The Master file requirements will be in line with BEPS Action 13, subject to a threshold to be specified. The Master file is to be prepared by the tax return deadline, and is to be submitted within 12 months following the close of the reporting fiscal year. It should be prepared in Chinese or accompanied by a Chinese translation, although a request may be made to submit in English.
Current transfer pricing report rules will be expanded in line with BEPS Action 13 Local file guidelines.
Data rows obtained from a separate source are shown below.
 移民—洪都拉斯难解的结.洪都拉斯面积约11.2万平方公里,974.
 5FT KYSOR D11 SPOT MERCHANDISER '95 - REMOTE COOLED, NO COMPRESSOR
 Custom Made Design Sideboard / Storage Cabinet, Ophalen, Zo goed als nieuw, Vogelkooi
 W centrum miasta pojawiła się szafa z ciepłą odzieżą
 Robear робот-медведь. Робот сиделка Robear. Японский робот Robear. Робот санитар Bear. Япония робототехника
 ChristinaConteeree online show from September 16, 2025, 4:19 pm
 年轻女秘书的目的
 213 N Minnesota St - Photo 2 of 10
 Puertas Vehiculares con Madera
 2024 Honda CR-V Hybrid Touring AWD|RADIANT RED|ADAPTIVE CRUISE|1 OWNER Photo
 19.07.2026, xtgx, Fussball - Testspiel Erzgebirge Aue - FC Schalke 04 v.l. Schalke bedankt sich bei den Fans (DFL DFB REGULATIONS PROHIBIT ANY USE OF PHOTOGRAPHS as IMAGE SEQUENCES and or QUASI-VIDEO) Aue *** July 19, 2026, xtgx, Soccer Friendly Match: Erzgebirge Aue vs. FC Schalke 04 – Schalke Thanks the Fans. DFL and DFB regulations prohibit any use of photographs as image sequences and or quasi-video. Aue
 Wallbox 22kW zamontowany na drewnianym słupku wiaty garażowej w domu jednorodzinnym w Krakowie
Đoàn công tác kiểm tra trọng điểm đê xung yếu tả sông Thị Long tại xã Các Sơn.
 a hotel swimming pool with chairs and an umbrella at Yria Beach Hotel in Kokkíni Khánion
This will include:
- Additional details on the company's business, including business strategy, key competitors, involvement in any restructuring or intangible asset transfers, etc.;
- Description of the organization and management structure, including local organization chart;
- Additional information on controlled transactions, including copies of the related agreements;
- Additional analysis of the parties to controlled transactions; and
- Copies of relevant APAs and tax rulings that the Taiwan tax authority is not a party to.
As an expansion of current requirements, the transfer pricing report (Local file) should be prepared contemporaneously by the tax return deadline and is submitted upon request (generally within 30 days). The documentation should be prepared in Chinese or accompanied by a Chinese translation, although a request may be made to submit in English. Current revenue/transaction thresholds for full transfer pricing report may apply in relation to the expanded requirements, but not certain.
TIEA between Argentina and the Philippines under Negotiation
Argentina's Ministry of Foreign Affairs has announced that on 24 August 2017, officials from Argentina and the Philippines met to discuss bilateral relations and agreed on negotiations for a tax information exchange agreement. Any resulting agreement would be the first of its kind between the two countries, and must be finalized, signed, and ratified before entering into force.
Tax Treaty between Switzerland and Zambia Signed
On 29 August 2017, officials from Switzerland and Zambia signed an income tax treaty. The treaty will enter into force after the ratification instruments are exchanged, and once in force and effective, will replace the 1954 tax treaty between Switzerland and the UK as it applies in respect of Switzerland and Zambia (extended 1961).
Under the treaty, the withholding tax rate for dividends is 5% if the beneficial owner is a company that has held at least 10% of the paying company's capital for a period of at least 365 days prior to the date of payment; otherwise 15%. For interest, the rate is 10%, and for royalties, the rate is 5%. Additional details will be published once available.